Una vez en la “guarida” se da la epifanía de David, quien asiste deslumbrado a lo que parece un santuario compuesto por retratos, libreros, música, obras de arte y decoraciones que redimen lo más notable de la cultura y la identidad nacional. Es aquí cuando se nos revela que los girasoles entrañan una esencia mística: son una ofrenda destinada a Cachita, la Santa más grande en el panteón católico cubano, nuestra Virgen de la Caridad del Cobre.

Una ofrenda que exalta la complicidad sentimental entre ambos personajes: uno ateo, marxista, pragmático y heteropatriarcal; el otro, místico, romántico, intelectual y homosexual.

Vincent Van Gogh pintó su famosa serie de girasoles encontrándose en Arlés, al sur de Francia, durante el verano de 1888 y comienzos de 1889. Sin embargo, es en París donde repara por primera vez en la hipnótica imagen de esta flor. Sus girasoles parisinos son mustios, maltrechos y abandonados. Reflejo del crudo invierno que le tocó sufrir a Vincent en la capital. La calidez, la vibración, la intensidad y brillantez, que inunda sus girasoles posteriores equivalen a ese cambio bendito que experimenta el artista al mudarse a provincia y convivir con la paz bucólica. En Arlés, el pintor encuentra el amarillo en estado puro, en sus matices más bellos e insospechados, y ve renacer su sensibilidad. En sus Cartas a Theo le dedica algunas hermosas semblanzas a esta idílica región.

Cuando por fin Vincent persuade a Gauguin, su trágico amor, de venir a pasar un tiempo juntos en su nueva morada, se enfrasca en producir la serie de marras. El pintor quería decorar su casa con aquellas pinturas de girasoles, y de paso, obsequiarle alguna a su invitado. Paul, que reconoce un nuevo espíritu embargando el alma de Van Gogh, le devolverá el gesto al retratarlo mientras trabajaba en una de las pinturas.

Nancy se ha metido furtivamente en la casa de Diego, poco después de haberlo visto bajar las escaleras. Se trata de una prostituta enamorada, aunque cueste trabajo creerlo. David se ha convertido en una obsesión para ella y pretende consumar sus deseos, pero no de la forma acostumbrada. Su atracción va más allá de la carne.
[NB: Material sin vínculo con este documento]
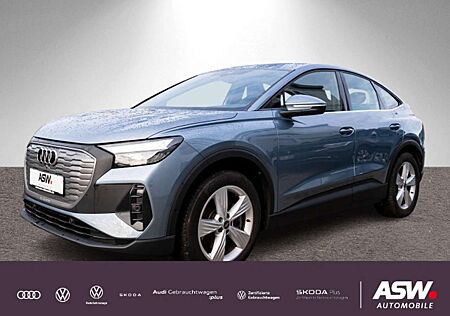 Audi Q4 e-tron Q4 Sportback S line 40e-tron LED Nav RFK ACC HUD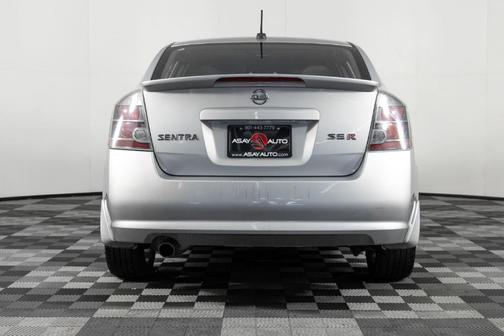 2008 Nissan Sentra SE-R
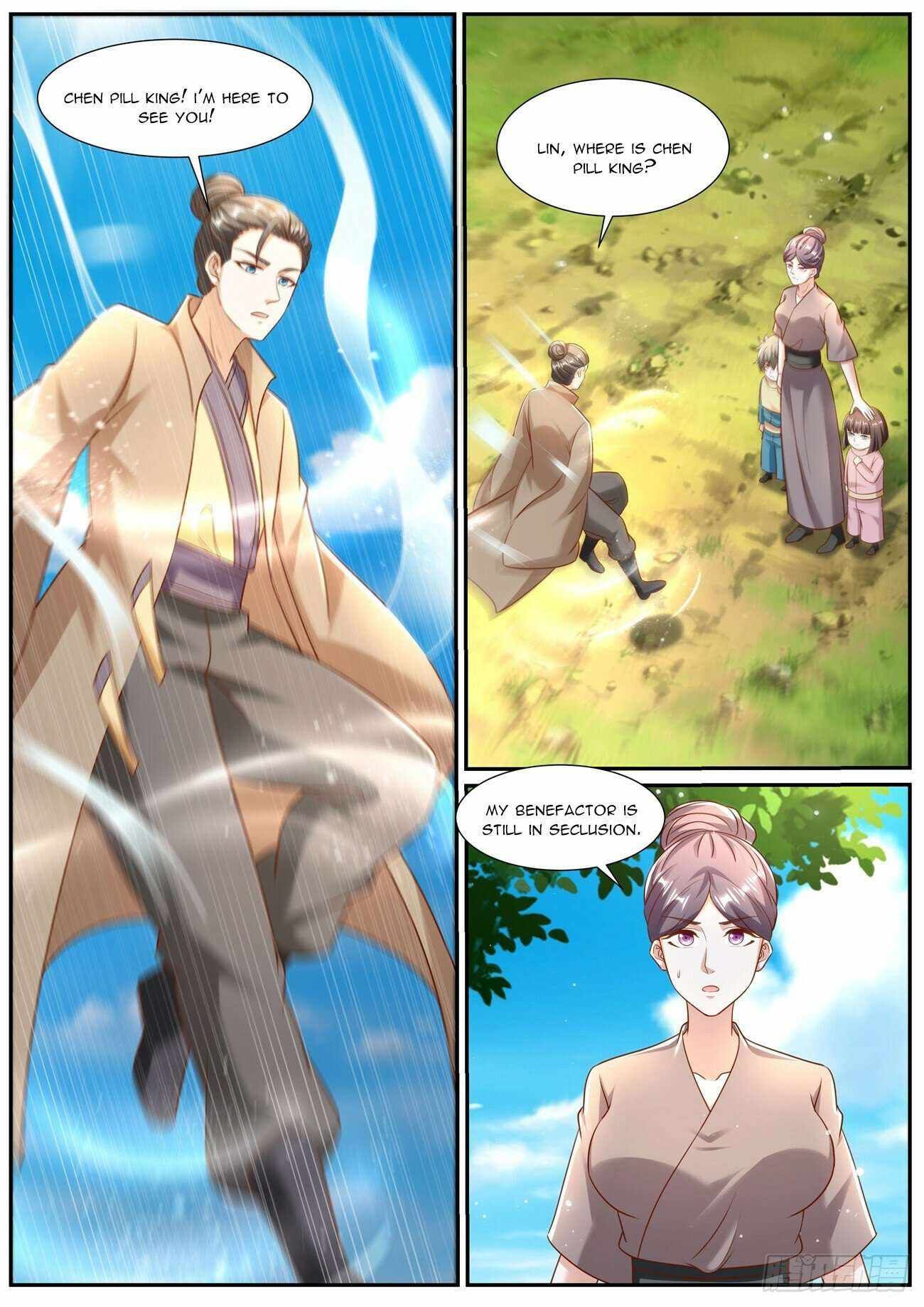 Rebirth of the Urban Immortal Cultivator chapter 968 page 4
Lo mira mientras duerme sobre el sofá. Sustrae un girasol del altar de la Virgen y se acerca al cuerpo tendido. Lentamente esgrime la flor hasta rozar a David. Es el comienzo del hechizo: la ofrenda divina es ahora un símbolo profano, el medio que encuentra Nancy para, mediante conjuros y ardides dizques religiosos, dominar la voluntad de David. Que ya no es David el comunista, ni la presa deseada; ahora es, nadie lo dude, su amor.

La paz entre Van Gogh y Gauguin era algo frágil. Fueron dos genios en constante disputa, pues sus vidas no tenían sentido al margen de lo estético; y esto último, se funda en la constante negación de ideas y en la manera exacerbada que adopta cada uno al encarar sus conflictos existenciales. La casa de Arlés es testigo de la peor de las trifulcas entre ambos pintores, cuyo presunto desenlace mitifica el tormento y la locura de Van Gogh. La oreja mutilada es el hecho límite: prueba del escarnio y la incomunicación en que acaba hundiéndose el desdichado artista.

Van Gogh fue el peor de los incomprendidos: no lo entendió su época, y tampoco lo entendieron sus cercanos, por más que intentó desnudar sus pasiones.

Otro tipo de escarnio es el que padece Diego, al ser increpado por Miguel, un personaje de triste recordación, cuya simpleza emotiva e ignorancia son reflejos del dogmatismo ideológico que allana al proceso político de la Revolución. David, que trae un ramo de girasoles para la Virgen (o para Diego), encuentra a su viejo amigo, fanático y abusivo, envuelto en una escaramuza con el que ahora se ha convertido en su mentor. De un lado a otro se contonean violentamente los cuerpos, hasta que por fin David se interpone. Los girasoles se agitan de un lado a otro, pero el joven no los deja caer.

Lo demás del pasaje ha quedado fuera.